By Greg Curhan
This too shall pass……But don’t stick your head in the sand while you are waiting
Thoughts for Corporate Officers (CEO, CFO) of publicly-traded companies from the perspective of an experienced Public Company Corporate Officer, Sell-Sider (Analyst, Banker, Institutional Salesman) and Buy-Sider (Hedge Fund Manager)
Ancient Chinese Curse “May you live in interesting times”. Well, these times are interesting to say the least. An international health crisis, a free fall in global markets, a looming recession, contemplated government bailouts, and no playbook on how to navigate through the crisis. You are facing uncertainty everywhere you turn – your employees, your suppliers, your customers, your board and, most germane to this commentary, your investors. The natural human reaction to this type of shock is to turn inward and hunker down. You don’t feel comfortable making statements and talking to any of your constituencies because you aren’t sure what to tell them. In my experience, however, the best course of action related to your key investors is to reach out to them.

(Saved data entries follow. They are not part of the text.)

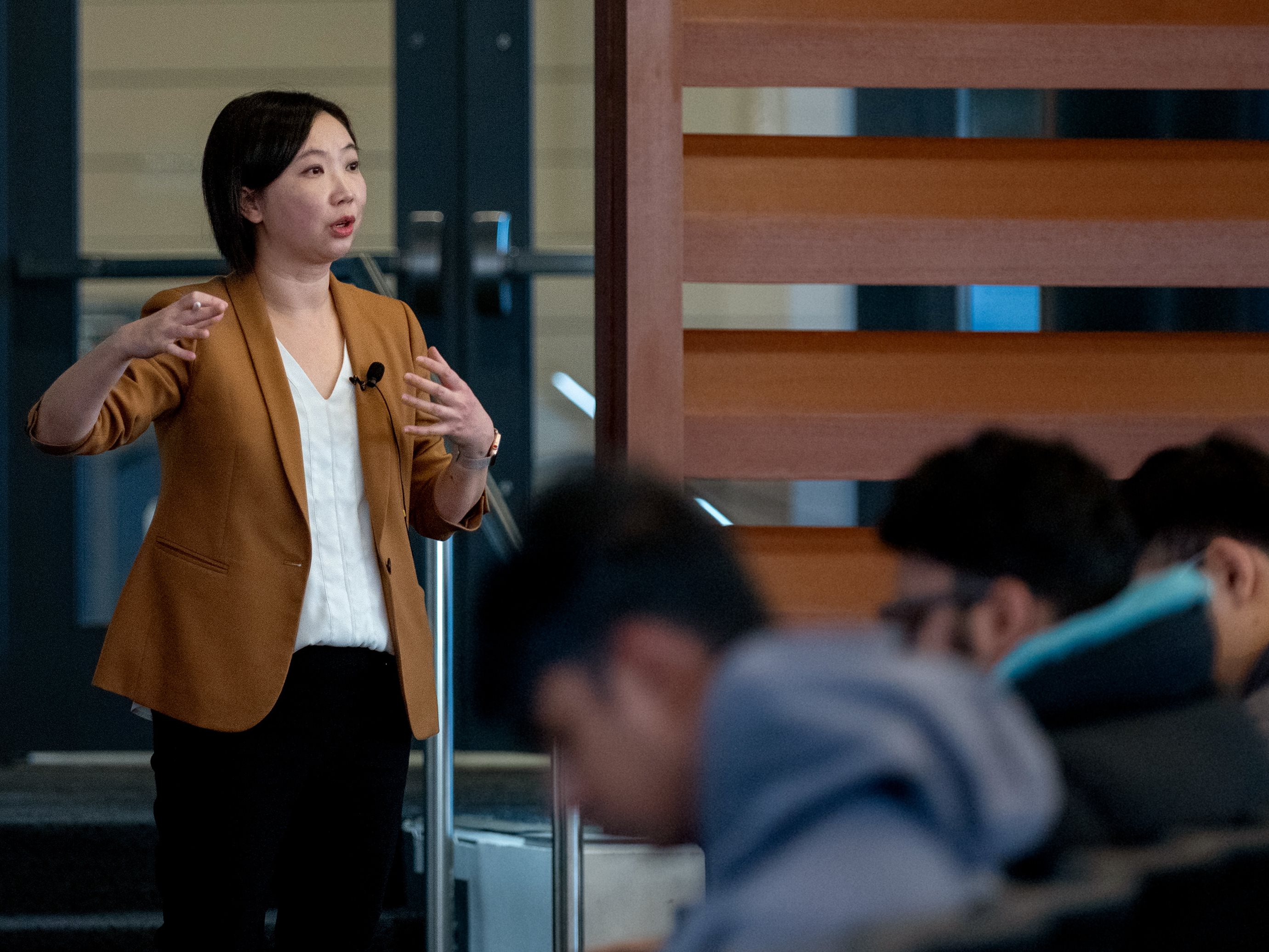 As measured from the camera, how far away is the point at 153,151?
3639 mm

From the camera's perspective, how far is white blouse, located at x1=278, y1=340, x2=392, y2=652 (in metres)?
1.63

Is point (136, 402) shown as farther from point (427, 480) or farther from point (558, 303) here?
point (558, 303)

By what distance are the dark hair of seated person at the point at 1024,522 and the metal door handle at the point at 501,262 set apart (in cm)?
252

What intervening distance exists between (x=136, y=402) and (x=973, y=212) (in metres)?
1.08

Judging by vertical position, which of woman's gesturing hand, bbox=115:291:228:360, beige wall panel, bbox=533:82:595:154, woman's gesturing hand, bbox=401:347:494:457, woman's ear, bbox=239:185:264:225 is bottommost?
woman's gesturing hand, bbox=401:347:494:457

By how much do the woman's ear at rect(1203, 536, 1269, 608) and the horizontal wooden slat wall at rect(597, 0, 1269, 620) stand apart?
0.40 m

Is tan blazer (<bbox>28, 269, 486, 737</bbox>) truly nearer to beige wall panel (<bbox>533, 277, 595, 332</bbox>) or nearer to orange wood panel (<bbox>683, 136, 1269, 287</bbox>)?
orange wood panel (<bbox>683, 136, 1269, 287</bbox>)

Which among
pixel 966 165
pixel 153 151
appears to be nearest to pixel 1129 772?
pixel 966 165

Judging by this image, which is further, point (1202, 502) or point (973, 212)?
point (973, 212)

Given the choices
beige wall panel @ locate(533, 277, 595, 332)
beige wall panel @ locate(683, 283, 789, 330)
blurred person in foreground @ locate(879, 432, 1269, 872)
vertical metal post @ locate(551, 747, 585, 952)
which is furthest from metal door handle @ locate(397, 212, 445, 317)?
blurred person in foreground @ locate(879, 432, 1269, 872)

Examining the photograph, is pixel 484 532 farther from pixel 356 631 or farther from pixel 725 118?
pixel 356 631

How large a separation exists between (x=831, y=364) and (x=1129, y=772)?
3.43 feet

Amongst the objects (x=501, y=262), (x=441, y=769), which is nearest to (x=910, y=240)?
(x=441, y=769)

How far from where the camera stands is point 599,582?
826mm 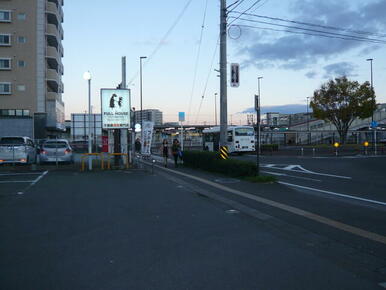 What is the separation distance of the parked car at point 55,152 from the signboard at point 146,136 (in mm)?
7943

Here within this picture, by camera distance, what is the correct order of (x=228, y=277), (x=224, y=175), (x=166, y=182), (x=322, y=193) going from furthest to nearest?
1. (x=224, y=175)
2. (x=166, y=182)
3. (x=322, y=193)
4. (x=228, y=277)

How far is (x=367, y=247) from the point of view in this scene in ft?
19.4

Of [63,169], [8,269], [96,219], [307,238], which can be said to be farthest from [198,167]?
[8,269]

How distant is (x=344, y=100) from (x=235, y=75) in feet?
98.4

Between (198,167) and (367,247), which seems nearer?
(367,247)

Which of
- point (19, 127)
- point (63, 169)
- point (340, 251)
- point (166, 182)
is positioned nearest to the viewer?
point (340, 251)

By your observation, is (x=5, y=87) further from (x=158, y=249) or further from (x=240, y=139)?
(x=158, y=249)

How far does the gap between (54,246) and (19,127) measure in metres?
35.7

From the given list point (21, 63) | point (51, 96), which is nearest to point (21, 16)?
point (21, 63)

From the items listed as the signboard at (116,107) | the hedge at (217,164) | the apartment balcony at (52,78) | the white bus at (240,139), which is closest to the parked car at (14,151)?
the signboard at (116,107)

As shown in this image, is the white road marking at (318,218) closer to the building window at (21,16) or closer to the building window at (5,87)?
the building window at (5,87)

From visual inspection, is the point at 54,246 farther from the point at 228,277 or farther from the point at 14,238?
the point at 228,277

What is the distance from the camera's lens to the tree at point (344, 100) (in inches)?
1710

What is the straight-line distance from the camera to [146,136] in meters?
29.8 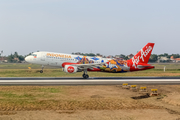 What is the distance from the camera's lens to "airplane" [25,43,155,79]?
4247cm

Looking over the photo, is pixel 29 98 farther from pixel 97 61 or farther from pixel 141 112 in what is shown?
pixel 97 61

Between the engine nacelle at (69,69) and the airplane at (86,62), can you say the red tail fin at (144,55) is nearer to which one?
the airplane at (86,62)

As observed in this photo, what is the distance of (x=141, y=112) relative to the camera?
1700 cm

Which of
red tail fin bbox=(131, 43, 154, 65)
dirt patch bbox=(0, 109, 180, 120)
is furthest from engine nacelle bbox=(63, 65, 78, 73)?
dirt patch bbox=(0, 109, 180, 120)

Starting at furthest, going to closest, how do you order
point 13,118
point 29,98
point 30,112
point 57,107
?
point 29,98 → point 57,107 → point 30,112 → point 13,118

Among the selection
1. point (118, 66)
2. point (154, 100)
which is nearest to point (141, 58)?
point (118, 66)

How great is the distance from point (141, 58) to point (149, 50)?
103 inches

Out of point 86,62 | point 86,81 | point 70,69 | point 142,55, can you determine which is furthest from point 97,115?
point 142,55

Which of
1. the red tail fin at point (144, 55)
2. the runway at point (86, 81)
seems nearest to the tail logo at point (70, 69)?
the runway at point (86, 81)

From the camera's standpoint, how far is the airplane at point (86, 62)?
42469 mm

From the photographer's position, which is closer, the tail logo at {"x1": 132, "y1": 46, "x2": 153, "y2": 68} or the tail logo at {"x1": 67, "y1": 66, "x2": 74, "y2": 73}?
the tail logo at {"x1": 67, "y1": 66, "x2": 74, "y2": 73}

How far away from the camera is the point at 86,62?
144ft

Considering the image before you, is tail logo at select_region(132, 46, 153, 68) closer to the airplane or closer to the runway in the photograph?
the airplane

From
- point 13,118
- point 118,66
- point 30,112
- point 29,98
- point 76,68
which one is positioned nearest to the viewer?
point 13,118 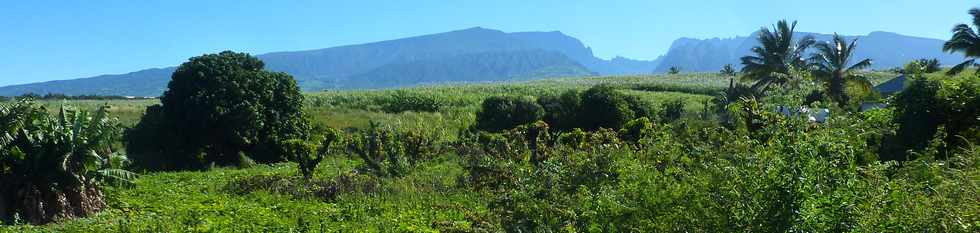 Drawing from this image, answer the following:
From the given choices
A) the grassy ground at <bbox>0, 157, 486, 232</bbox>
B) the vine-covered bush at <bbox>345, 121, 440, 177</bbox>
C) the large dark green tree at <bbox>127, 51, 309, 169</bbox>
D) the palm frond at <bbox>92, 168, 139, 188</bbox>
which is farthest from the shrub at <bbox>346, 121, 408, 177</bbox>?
the palm frond at <bbox>92, 168, 139, 188</bbox>

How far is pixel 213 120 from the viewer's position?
25.0 m

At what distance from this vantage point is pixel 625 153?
8711 millimetres

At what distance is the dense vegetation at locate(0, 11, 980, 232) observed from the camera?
5.29 meters

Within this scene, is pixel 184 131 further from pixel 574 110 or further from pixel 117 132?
pixel 574 110

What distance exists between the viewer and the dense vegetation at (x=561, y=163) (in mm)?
5289

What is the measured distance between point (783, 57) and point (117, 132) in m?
30.8

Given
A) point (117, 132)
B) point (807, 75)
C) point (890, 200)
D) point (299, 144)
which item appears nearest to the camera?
point (890, 200)

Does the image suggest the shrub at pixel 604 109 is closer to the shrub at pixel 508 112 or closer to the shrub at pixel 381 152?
the shrub at pixel 508 112

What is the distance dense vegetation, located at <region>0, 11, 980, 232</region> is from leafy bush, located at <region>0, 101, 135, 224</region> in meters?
0.05

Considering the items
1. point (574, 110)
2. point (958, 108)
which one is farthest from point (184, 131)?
point (958, 108)

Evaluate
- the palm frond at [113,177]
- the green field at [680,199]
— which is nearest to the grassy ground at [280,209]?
the green field at [680,199]

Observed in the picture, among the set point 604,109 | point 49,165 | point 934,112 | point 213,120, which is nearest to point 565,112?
point 604,109

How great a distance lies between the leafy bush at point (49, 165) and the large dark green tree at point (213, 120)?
1000cm

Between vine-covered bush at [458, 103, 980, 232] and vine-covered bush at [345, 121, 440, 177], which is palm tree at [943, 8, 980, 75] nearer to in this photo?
vine-covered bush at [345, 121, 440, 177] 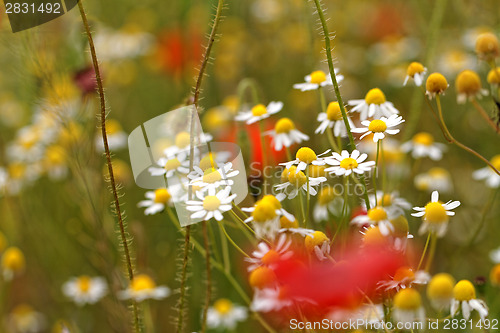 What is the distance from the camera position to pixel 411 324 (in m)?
0.43

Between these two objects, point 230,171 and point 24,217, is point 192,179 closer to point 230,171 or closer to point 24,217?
point 230,171

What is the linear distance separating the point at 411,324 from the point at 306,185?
150 millimetres

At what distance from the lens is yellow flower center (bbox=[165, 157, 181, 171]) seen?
0.61 m

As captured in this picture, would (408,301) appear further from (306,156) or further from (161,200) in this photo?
(161,200)

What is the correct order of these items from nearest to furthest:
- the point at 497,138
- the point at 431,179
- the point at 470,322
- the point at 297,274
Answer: the point at 297,274 < the point at 470,322 < the point at 431,179 < the point at 497,138

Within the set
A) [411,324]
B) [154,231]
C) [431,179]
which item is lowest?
[154,231]

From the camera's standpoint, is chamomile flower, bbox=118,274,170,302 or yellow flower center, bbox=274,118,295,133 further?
chamomile flower, bbox=118,274,170,302

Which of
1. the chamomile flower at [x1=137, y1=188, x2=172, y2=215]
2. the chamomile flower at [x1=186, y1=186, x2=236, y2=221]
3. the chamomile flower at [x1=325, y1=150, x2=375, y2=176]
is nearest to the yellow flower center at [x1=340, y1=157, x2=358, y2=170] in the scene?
the chamomile flower at [x1=325, y1=150, x2=375, y2=176]

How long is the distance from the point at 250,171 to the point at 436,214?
1.00 ft

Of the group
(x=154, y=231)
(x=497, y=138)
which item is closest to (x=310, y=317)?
(x=154, y=231)

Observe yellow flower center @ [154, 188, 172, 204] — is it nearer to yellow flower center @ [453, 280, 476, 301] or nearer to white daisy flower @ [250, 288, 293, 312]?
white daisy flower @ [250, 288, 293, 312]

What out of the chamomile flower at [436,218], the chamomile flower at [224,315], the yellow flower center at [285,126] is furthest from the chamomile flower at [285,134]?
the chamomile flower at [224,315]

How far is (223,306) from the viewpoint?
87 cm

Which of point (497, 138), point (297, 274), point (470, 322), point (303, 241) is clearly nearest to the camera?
point (297, 274) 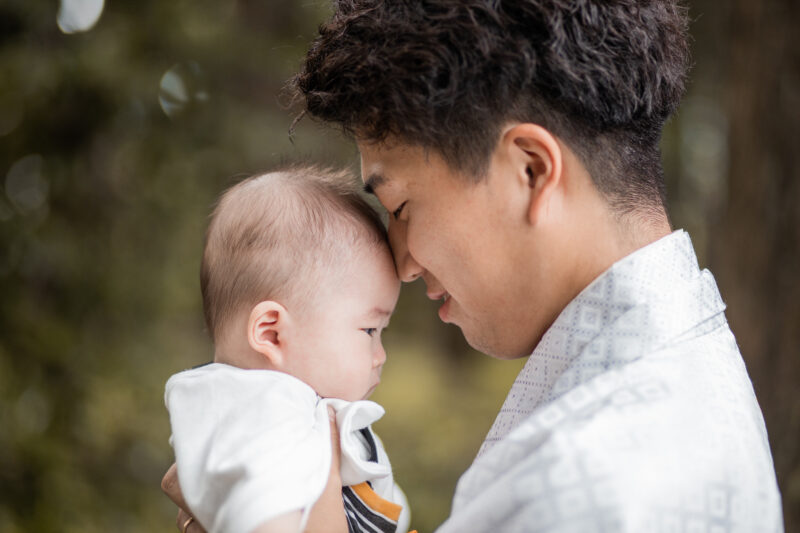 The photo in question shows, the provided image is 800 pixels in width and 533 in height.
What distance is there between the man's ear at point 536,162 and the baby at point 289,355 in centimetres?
43

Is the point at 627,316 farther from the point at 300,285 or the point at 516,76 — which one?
the point at 300,285

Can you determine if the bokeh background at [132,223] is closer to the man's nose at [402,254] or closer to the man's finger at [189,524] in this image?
the man's nose at [402,254]

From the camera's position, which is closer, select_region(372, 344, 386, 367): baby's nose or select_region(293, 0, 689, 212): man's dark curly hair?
select_region(293, 0, 689, 212): man's dark curly hair

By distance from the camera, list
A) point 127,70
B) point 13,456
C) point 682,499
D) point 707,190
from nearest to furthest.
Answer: point 682,499, point 13,456, point 127,70, point 707,190

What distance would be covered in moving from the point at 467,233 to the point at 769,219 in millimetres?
1757

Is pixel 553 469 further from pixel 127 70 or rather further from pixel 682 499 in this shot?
pixel 127 70

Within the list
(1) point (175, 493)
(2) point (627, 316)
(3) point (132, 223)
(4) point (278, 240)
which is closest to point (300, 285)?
(4) point (278, 240)

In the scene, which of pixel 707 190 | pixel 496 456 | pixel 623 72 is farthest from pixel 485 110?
pixel 707 190

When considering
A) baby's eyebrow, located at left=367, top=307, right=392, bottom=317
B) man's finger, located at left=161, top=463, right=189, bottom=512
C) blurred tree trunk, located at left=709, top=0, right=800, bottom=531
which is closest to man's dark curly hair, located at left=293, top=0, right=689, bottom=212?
baby's eyebrow, located at left=367, top=307, right=392, bottom=317

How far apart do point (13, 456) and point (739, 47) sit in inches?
121

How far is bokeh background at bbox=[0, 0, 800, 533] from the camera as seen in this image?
104 inches

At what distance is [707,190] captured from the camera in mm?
6875

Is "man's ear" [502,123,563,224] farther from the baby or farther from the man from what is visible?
the baby

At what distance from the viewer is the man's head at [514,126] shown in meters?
1.28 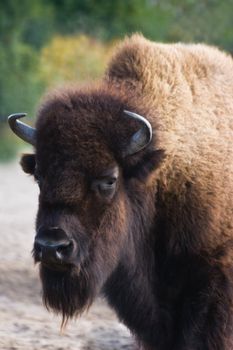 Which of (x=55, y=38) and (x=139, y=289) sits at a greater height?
(x=139, y=289)

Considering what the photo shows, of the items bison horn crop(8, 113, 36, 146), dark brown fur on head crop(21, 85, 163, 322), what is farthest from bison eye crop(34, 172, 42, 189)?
bison horn crop(8, 113, 36, 146)

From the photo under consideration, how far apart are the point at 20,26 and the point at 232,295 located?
112 feet

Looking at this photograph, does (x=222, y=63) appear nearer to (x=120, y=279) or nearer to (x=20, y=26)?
(x=120, y=279)

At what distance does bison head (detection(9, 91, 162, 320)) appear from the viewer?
616cm

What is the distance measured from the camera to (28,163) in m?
6.85

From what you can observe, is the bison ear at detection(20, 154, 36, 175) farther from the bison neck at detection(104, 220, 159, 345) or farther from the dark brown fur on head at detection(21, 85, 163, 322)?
the bison neck at detection(104, 220, 159, 345)

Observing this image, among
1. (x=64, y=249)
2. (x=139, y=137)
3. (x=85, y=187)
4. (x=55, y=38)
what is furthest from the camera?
(x=55, y=38)

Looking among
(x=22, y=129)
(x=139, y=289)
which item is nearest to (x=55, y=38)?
(x=22, y=129)

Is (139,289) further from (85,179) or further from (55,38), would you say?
(55,38)

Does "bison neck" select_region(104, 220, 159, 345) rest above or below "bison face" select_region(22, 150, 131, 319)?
below

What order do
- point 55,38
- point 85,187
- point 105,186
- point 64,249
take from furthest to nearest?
point 55,38 < point 105,186 < point 85,187 < point 64,249

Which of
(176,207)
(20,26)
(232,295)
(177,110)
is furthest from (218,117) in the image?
(20,26)

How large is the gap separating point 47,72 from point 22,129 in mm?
32912

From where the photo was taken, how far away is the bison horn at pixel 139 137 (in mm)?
6488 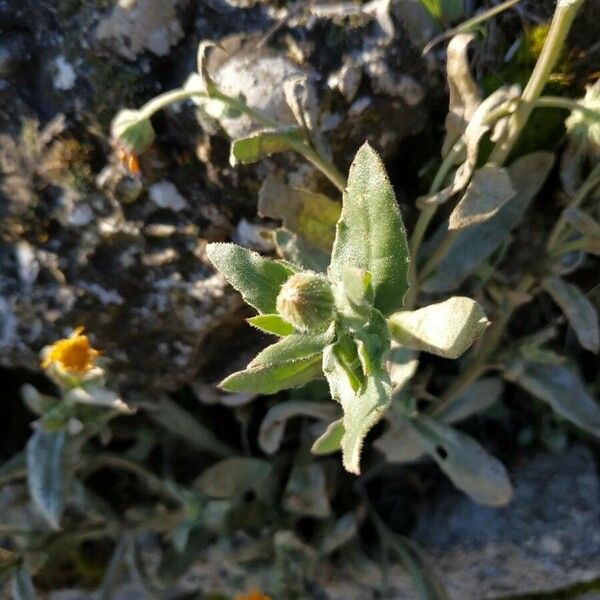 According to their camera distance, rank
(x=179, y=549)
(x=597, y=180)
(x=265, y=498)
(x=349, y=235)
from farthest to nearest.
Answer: (x=265, y=498) < (x=179, y=549) < (x=597, y=180) < (x=349, y=235)

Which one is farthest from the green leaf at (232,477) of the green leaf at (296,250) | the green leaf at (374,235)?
the green leaf at (374,235)

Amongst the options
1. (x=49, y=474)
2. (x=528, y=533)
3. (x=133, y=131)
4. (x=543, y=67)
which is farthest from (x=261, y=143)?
(x=528, y=533)

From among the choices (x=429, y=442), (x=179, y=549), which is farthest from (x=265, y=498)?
(x=429, y=442)

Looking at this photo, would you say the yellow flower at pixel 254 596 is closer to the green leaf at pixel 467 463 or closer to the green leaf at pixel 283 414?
the green leaf at pixel 283 414

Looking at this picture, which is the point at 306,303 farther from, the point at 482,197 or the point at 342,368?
the point at 482,197

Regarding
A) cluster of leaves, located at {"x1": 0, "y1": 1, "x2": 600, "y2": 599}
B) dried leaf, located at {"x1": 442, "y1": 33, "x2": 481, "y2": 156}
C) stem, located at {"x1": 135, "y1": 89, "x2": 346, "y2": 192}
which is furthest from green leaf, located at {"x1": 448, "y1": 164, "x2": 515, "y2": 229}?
stem, located at {"x1": 135, "y1": 89, "x2": 346, "y2": 192}

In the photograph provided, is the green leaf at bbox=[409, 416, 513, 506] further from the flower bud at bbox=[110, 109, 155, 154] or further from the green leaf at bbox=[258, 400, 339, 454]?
the flower bud at bbox=[110, 109, 155, 154]

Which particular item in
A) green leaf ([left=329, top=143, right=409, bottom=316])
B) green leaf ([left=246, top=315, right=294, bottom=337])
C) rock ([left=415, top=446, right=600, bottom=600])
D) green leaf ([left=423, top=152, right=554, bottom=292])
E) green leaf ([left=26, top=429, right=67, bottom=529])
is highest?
green leaf ([left=329, top=143, right=409, bottom=316])

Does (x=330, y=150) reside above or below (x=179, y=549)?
above

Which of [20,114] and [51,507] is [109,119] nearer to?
[20,114] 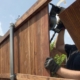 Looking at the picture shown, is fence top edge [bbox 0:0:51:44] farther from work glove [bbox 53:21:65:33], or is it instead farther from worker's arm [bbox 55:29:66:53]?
worker's arm [bbox 55:29:66:53]

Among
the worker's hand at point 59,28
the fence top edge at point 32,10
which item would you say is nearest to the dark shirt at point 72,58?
the worker's hand at point 59,28

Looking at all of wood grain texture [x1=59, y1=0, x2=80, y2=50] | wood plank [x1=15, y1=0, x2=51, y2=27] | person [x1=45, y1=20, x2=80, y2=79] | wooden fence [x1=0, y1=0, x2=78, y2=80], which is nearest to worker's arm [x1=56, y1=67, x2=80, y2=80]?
person [x1=45, y1=20, x2=80, y2=79]

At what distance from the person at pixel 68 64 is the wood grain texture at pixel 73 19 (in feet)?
0.98

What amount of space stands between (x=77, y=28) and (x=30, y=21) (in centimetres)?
63

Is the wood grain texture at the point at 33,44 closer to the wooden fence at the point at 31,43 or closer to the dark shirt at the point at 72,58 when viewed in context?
the wooden fence at the point at 31,43

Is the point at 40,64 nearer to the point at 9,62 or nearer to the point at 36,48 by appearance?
the point at 36,48

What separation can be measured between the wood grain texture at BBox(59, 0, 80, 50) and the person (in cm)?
30

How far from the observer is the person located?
2.04 m

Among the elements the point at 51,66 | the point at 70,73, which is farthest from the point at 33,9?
the point at 70,73

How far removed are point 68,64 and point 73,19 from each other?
665 mm

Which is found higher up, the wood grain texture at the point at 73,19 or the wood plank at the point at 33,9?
the wood plank at the point at 33,9

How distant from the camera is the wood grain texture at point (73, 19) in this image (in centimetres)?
185

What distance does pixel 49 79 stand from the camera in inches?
78.5

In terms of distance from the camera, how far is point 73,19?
6.24 feet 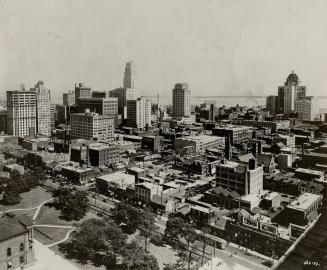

Investors are people too. Whatever emotions you are feeling, you can be sure they are feeling them as well – professional and personal. They have as much need for communication and reassurance as anyone.
The normal “competition” for mindshare of these investors is materially reduced. They aren’t going to IPO roadshows or meeting with management teams. Sell-side analysts and brokers aren’t calling. They have all recommended stocks in the investors’ portfolios that are under water and they don’t want to get blamed. Most other corporate officers are frozen.
Call them. Don’t text, don’t email, don’t message on LinkedIn. Chances are they are paralyzed and staring at their screens, watching the market volatility whipsaw their portfolios minute to minute. They want a distraction. When they phone rings, they will answer it. Every investor will tell you they first focus on what they own in times like this. They will be very happy you called.
I’ve found if you call just before or just after normal business hours you have a greater chance of connecting live.
By being proactive you can shape the conversation. You don’t need to focus on short term moves in your stock price. Reaching out is about keeping lines of communication and access to capital (the lifeblood of any business) open.
While a major reason for you to call is to let investors know you are there and sharing their pain, it is also a good idea to have a few key points you want to communicate. These do not have to sound reassuring in the short term. At this point the decline in stock prices has already discounted bad news in revenue and earnings due to the effects of the virus on commerce. Nobody expects you to be immune from much larger issues out of your control.
Focus on the long term. If you are well-capitalized make sure everyone knows it. Remind investors of the strength of your business model in addition to your balance sheet – great gross margins, a stable recurring revenue base, a strong patent position, unique regulatory approvals, control over material inputs to your products, etc.
It can help if you can provide some guidance related to bands of potential business outcomes. Think about performing a sensitivity analysis on your business with sales decreases of at least 20 percent.
If you are going to provide any type of guidance, make sure to follow the Regulation Fair Disclosure guidelines.
Remember to listen. Yes, the investor wants to hear about your business, but also needs to vent the stress and frustration he is feeling. You will likely learn more about your investor as a person in this call than you have in any previous interaction. Understanding her better can only help your relationship in both a personal and professional sense.
We have seen this type of movie before, albeit with slightly different plot twists. I sat on a trading desk on October 19, 1987. I was running a hedge fund when Saddam Hussein rolled his tanks into Kuwait in 1990. I was CFO of an Internet e-commerce start-up that filed to go public in the spring of 2000, three weeks after the NASDAQ peaked at 5,000. I was President of an investment bank hosting an opening reception for a conference for 200 public companies and 1,500 institutional investors the night before Lehman Brothers went out of business in September of 2008. In every instance, the crisis abated, and the market ultimately recovered to far surpass the highs of the previous cycle. Companies that were decisive, proactive and positive survived and prospered.
Be visible. Be accountable. Be honest. Be upbeat. That’s what leaders do.